Given how Fields is trending as a passer, it makes sense why the Bears might explore that option. But I’m not wholly convinced that is the best thing for the Bears (or Fields’ development) right now.
Don’t get me wrong. From purely an aesthetics standpoint, I’d love it if Fields was slinging it 30+ times per game. The NFL is arguably at its most fun when teams are pushing the ball vertically through the air. Line ’em up, spread ’em out, and let the big dawg eat. But these Bears aren’t equipped for it. And that’s really at the crux of this issue. Want to throw the ball? Who doesn’t? But do you want to do it with these linemen? Because I don’t want Fields dropping back 30+ times with this collection of offensive linemen. Or this group of pass catchers. And even with Fields’ arrow pointing up, he still isn’t fully developed as a passer. In other words, we should probably give up the idea of Fields throwing for 300+ yards any time soon. At least, based on the data at hand.
But maybe that time will come. And maybe it will be THIS YEAR.
For what it’s worth, ESPN’s advanced metrics have the Bears’ offensive line owning the fourth-best team pass block win rate. Left guard Cody Whitehair has the second-highest pass-blocking win rate among guards. He also ranks 28th of 82 guards in Pro Football Focus’ pass-blocking grade. Michael Schofield’s 75.6 pass-blocking grade is the 13th-best among guards. That is worth keeping in mind while Teven Jenkins is on the shelf with a hip injury. Right tackle Riley Reiff is 30th among the 80 qualifying tackles in PFF’s pass-blocking grade. Meanwhile, Larry Borom – whose job Reiff took in recent weeks – checks in with the 24th-best pass-blocking grade from PFF. Borom also owns ESPN’s seventh-best pass block win rate among tackles.

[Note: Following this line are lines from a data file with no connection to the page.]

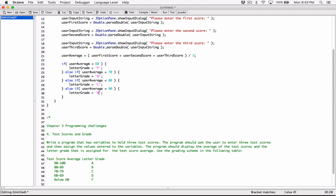If it's not less than 60, we know the number is 60 or above — certain numbers are eliminated. If it gets past the next check, it's not less than 70, so it's 70 or above. If it gets past the next, it's not less than 80, so it's 80 or above.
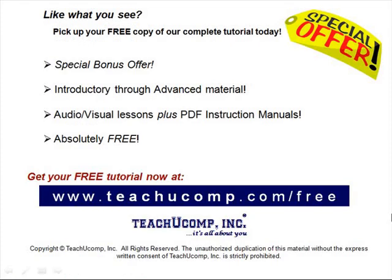Like what you see? Pick up your free copy of the complete tutorial at www.teachucomp.com forward slash free.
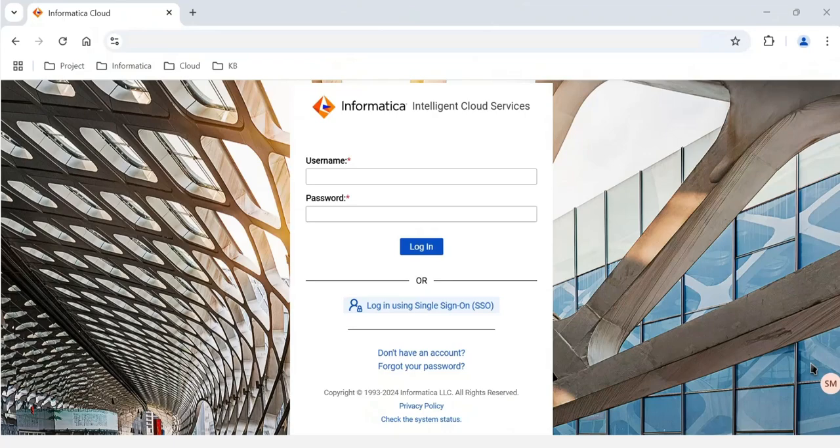Hello everyone, welcome back to this tutorial on Informatica IDMC MDM SaaS. If you are planning to move from Informatica on-prem version to Informatica IDMC or SaaS version, or you are going to start your career as a fresher in Informatica IDMC, then this tutorial is going to help you.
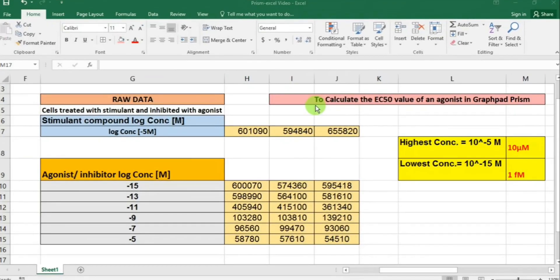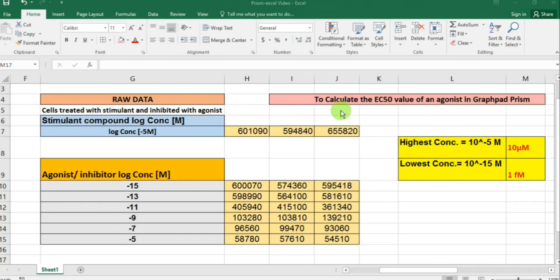In this short tutorial video I'm going to be showing you how to calculate the EC50 value, or the potency of an agonist, in GraphPad Prism. Before we jump into the Prism file, let me introduce you to my raw data first.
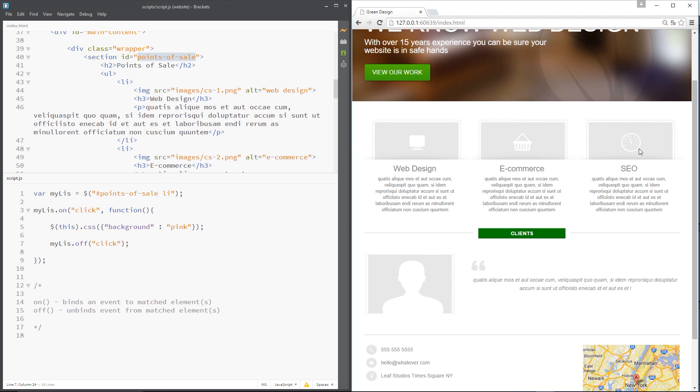I'll do one more. I click this one, now if I click these it doesn't work. Awesome.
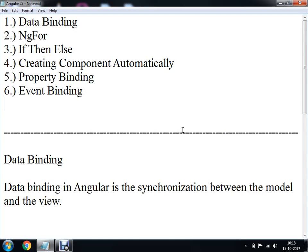Today we will be learning six topics. The first topic is data binding, ngFor, if-then-else, creating a component automatically, property binding, and event binding.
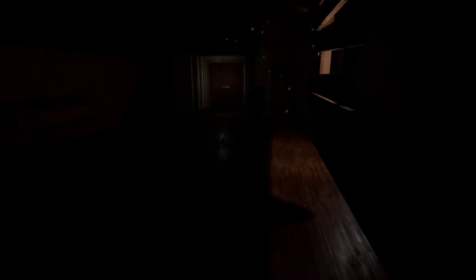Alright guys, welcome back to another itch.io for the play walkthrough. Today we have No Texture, which is a horror game prototype.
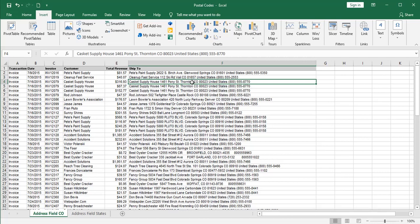We'll do a simple example and then a more difficult one. This is the simple one. If you look closely at these addresses, you'll notice they're all in Colorado — notice the capital CO. For any state in the United States, all zip codes begin with the same digit. In Colorado, it's the digit 8. What we have in common across all these addresses is a space, CO in capitals, a space, and then an 8. That's what we're going to use to pluck out the zip code we need for our map.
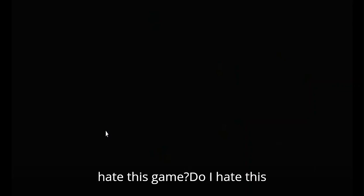So do I personally hate this game? Do I hate this game? Not at all. I don't hate it at all. If anything, I think this game is pretty good.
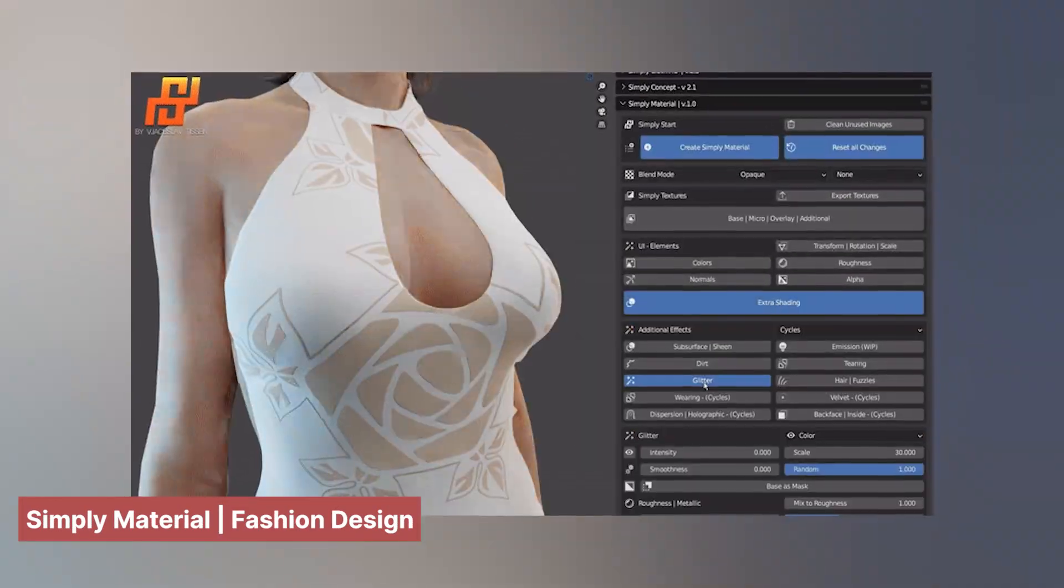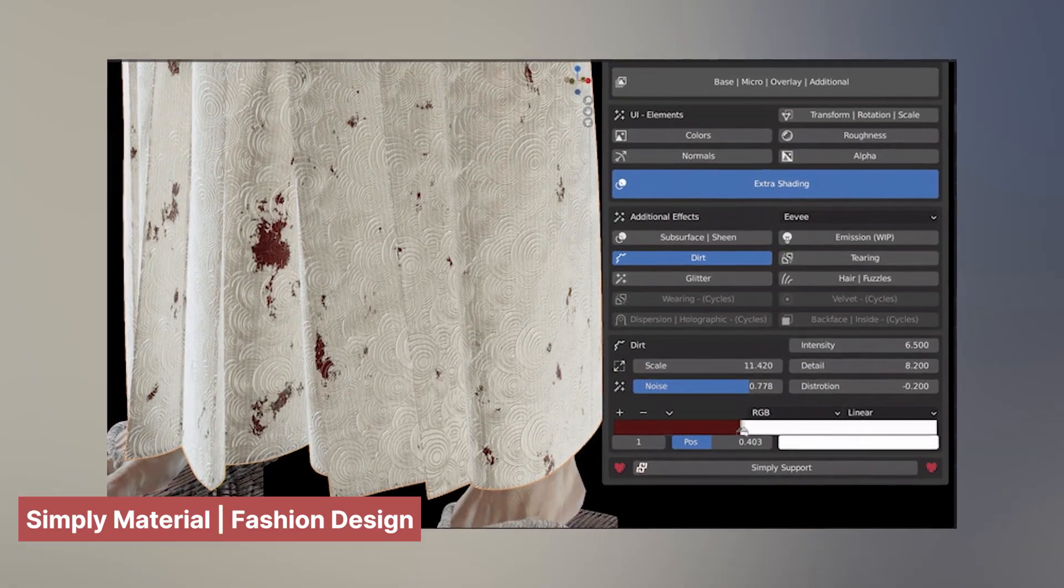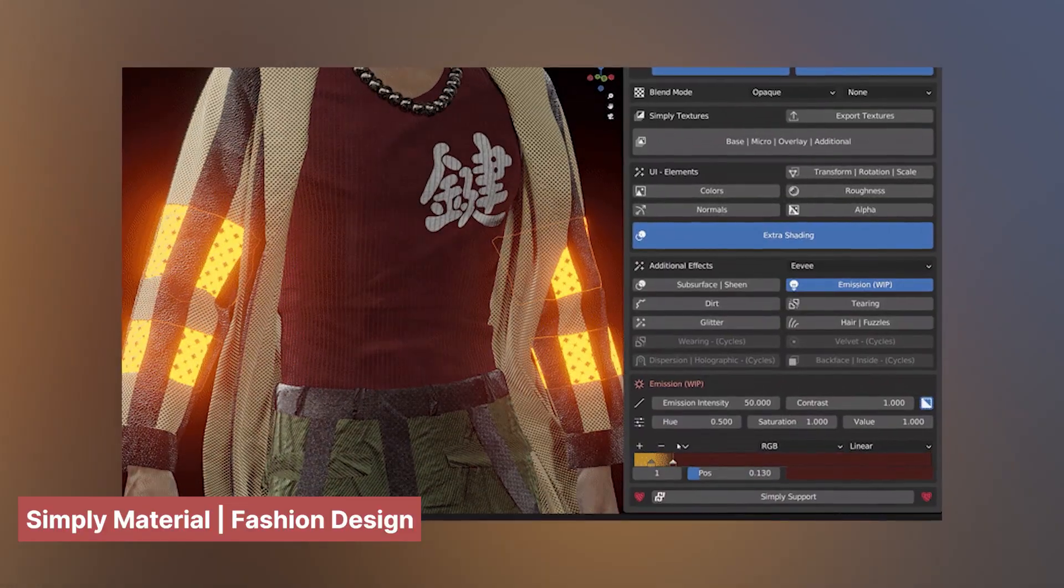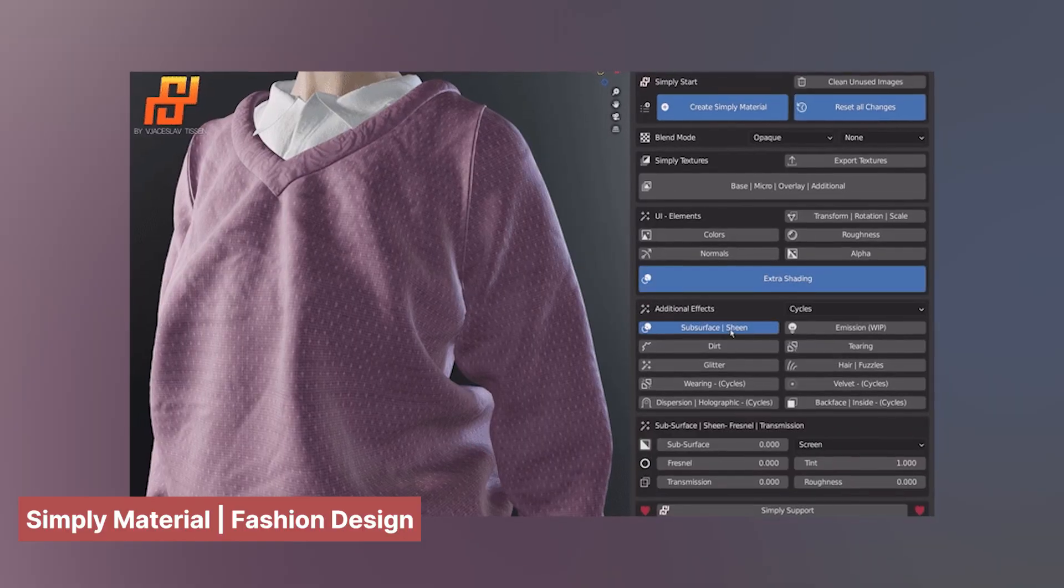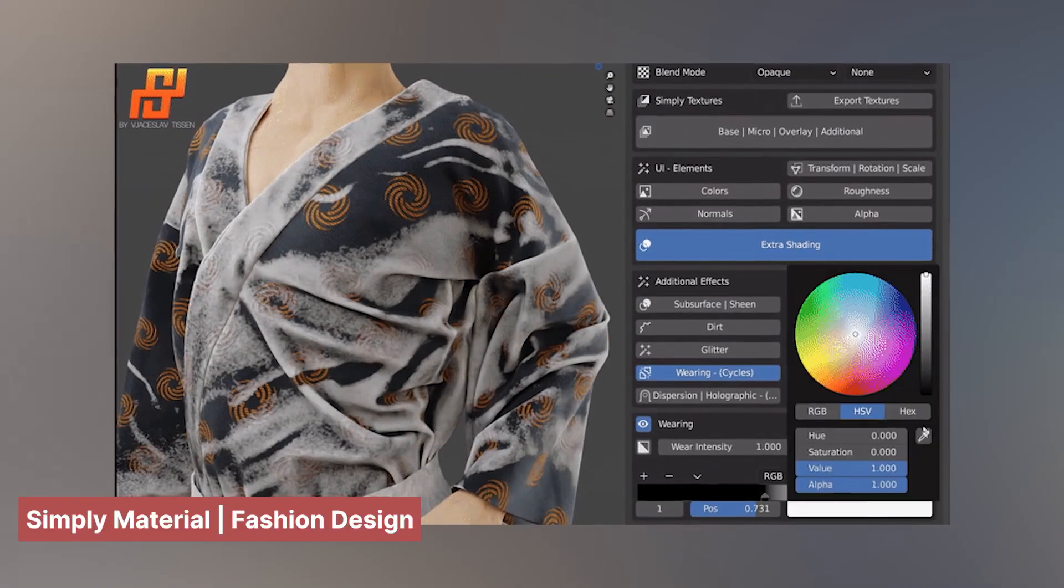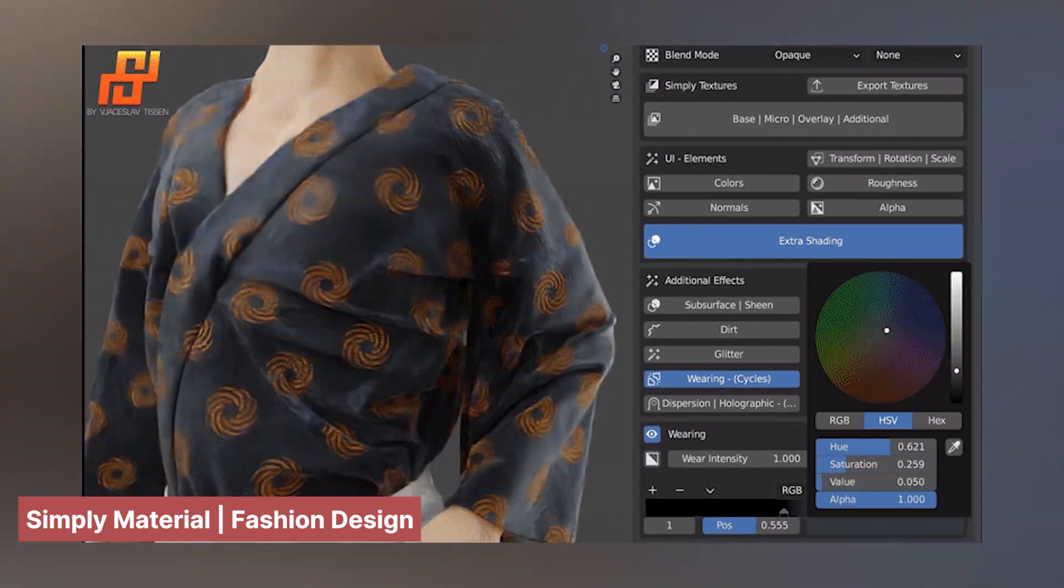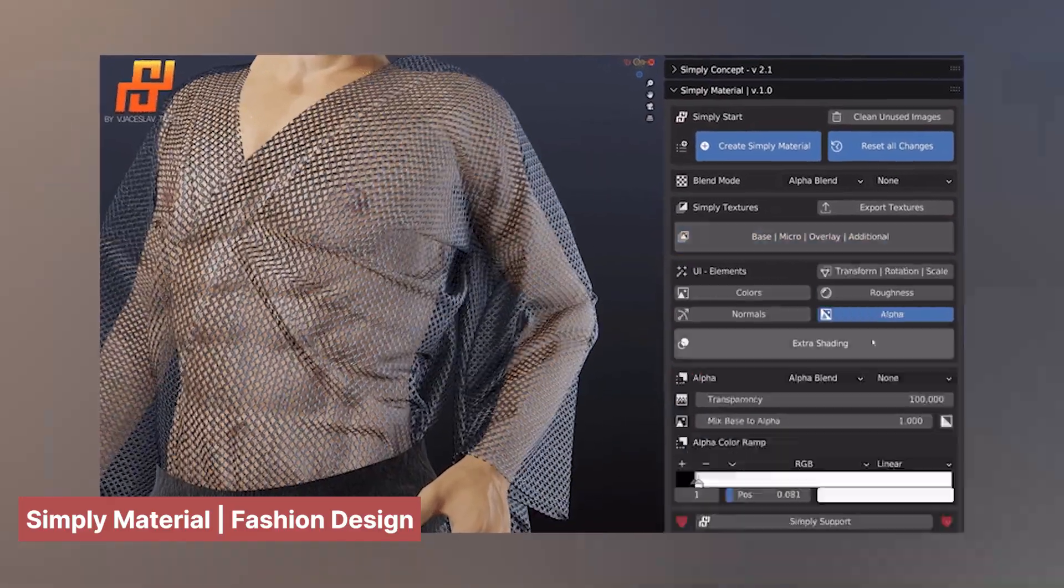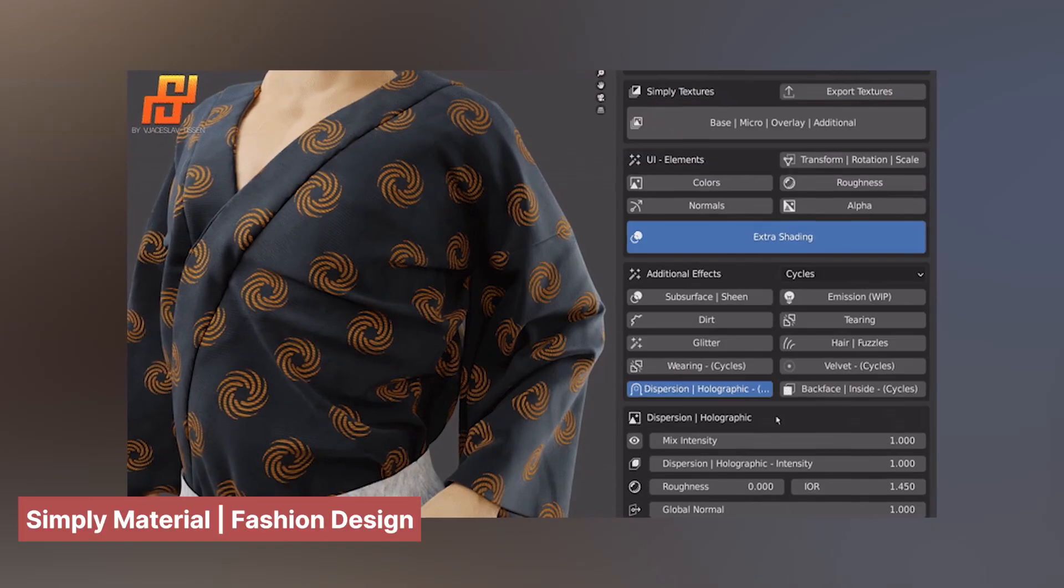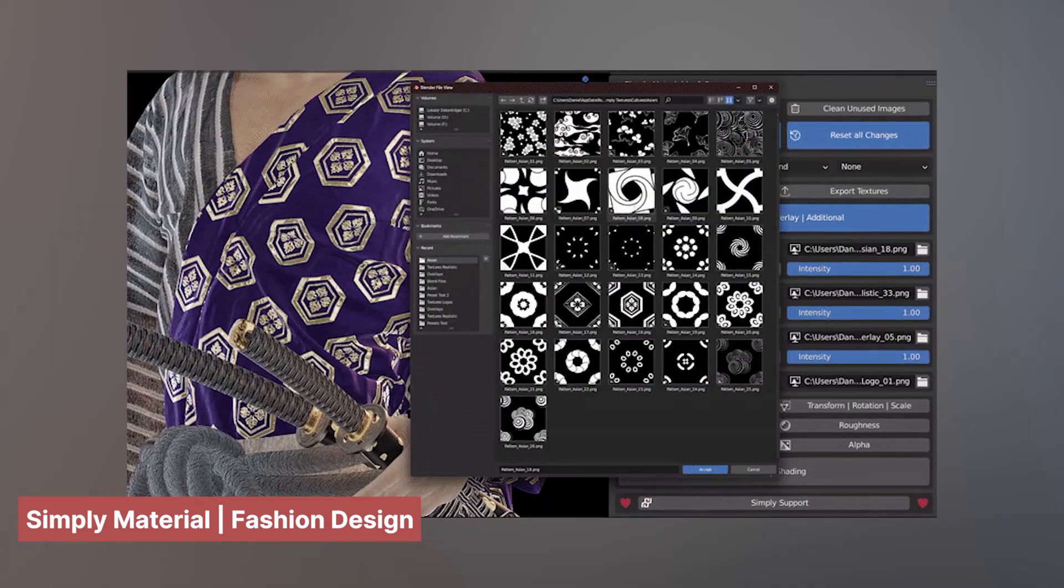Elevate your character's fashion with the Simply Material Fashion add-on, designed to bring elegance and style to their wardrobe. This add-on includes a wide range of materials, textures, masks, and tools that make it easy to customize and dress your characters. The included masks allow you to effortlessly add wear and tear, while the pattern collection provides a variety of fabric designs, helping you create unique, personalized clothing that matches your character's style. With this tool, styling your character has never been simpler or more versatile.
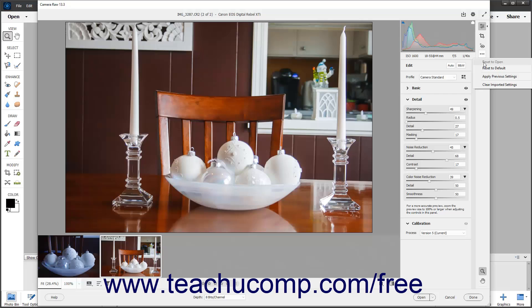To reset the Camera Raw settings to their default settings for the Camera Raw image, click the More Image Settings button in the toolbar of the Camera Raw dialog box, and then select the Reset to Default command.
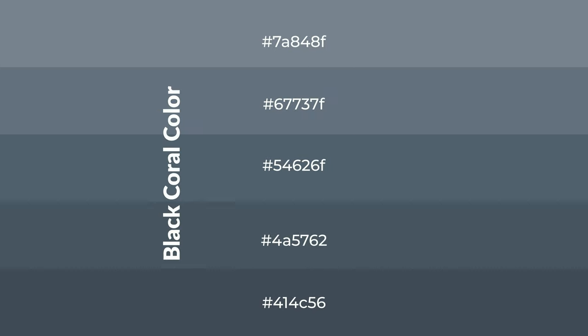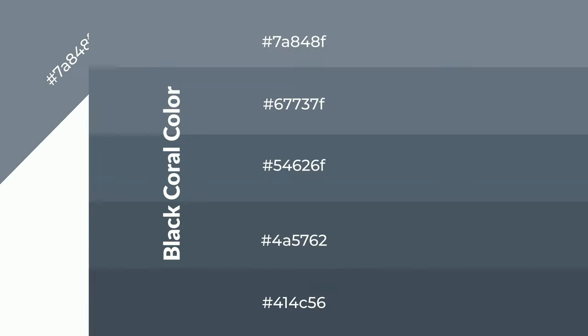To generate shades of a color, we add black to the color, and it is used in patterns.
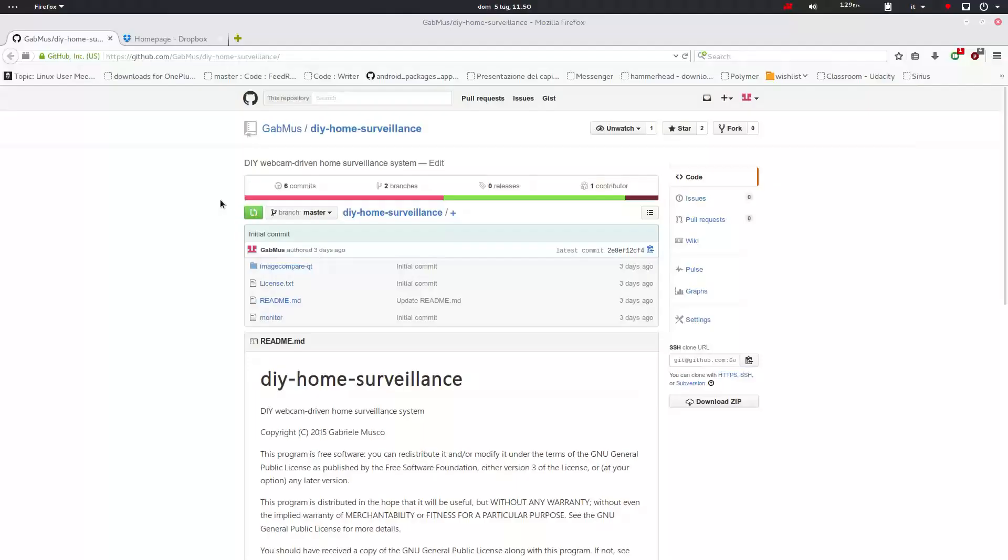What is going on YouTube? Galvez here, welcome to this new video. Today we'll be showing you again the DIY home surveillance system I made, but this time I made a new branch that uploads the photos on Dropbox. So without further ado, let's get into it.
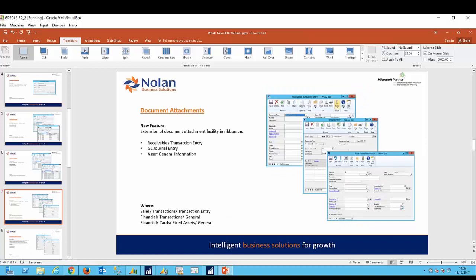Okay, so the next category we're going to look at is document attachments. As you probably know, the ability to attach documents is not new in Dynamics GP. The facility has been around for a number of years, but in this latest version the functionality has now been extended to receivables transactions entry, general ledger journal entry, and asset general information. For anyone who's unfamiliar with document attachments, let's take a look at the receivables entry window and see how document attachments work.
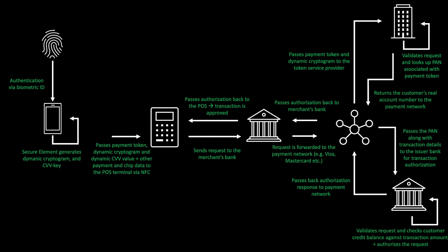The point-of-sales terminal further transmits the information to the iPhone through the near-field communication, so that you receive a check on your iPhone that the transaction was approved.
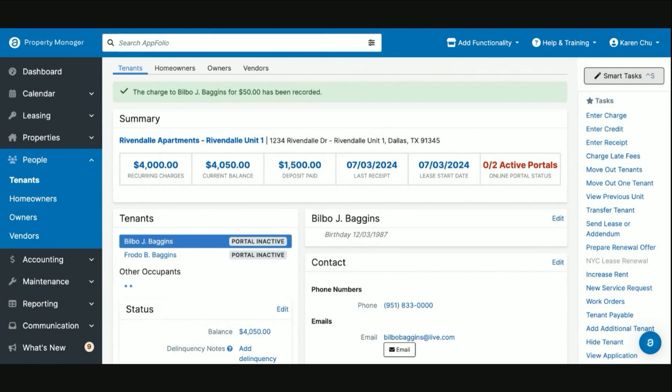Hello everyone and welcome to APM Academy. In today's video, we are going to be discussing late fees and how to handle them if they need to be waived.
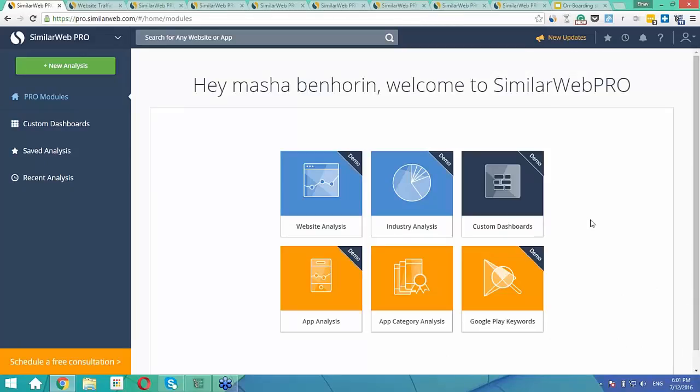Hi everyone, welcome to the SimilarWeb live training webinar. My name is Becca and I work on SimilarWeb's customer care team. Today we're going to have a 15-minute session where we'll be going over the product and the amazing things you can do with it. We will have a brief Q&A at the end. Feel free to submit questions throughout the webinar via the chat box.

Given these metrics, part of me wants to see Offensive Coordinator Luke Getsy create a game plan that lets Fields turn it loose through the air. After all, the numbers never lie … right? But the eye test sees an offensive line that isn’t ready for it. This line has veterans with a pro track record (Whitehair, Reiff) and young players with upside (Jenkins, Braxton Jones). But, as a whole, it has been a group of inconsistent pass-blockers whose clear strength as a collective unit is in run-blocking. Knowing Fields has taken take a league-high 36 sacks has me holding my breath with every straight drop-back.
In the end, I’m not sure if asking Fields to air it out just to get him reps in doing so is worth it. We’re finally getting what we’ve been asking for as fans — an offense built around a quarterback that plays to his strengths and is tailored to the talent assembled on the current roster. Why stray too far from that now when it is working (to the tune of 30+ PPG since the mini-bye) and simultaneously developing Fields? But the allure of an aerial assault in Atlanta could quiet those who doubt Fields’ progress as a passer. There is so much to consider here. And I’m not sure what the “right” answer is. But I’m glad Dilfer brought it up for us to have this discussion.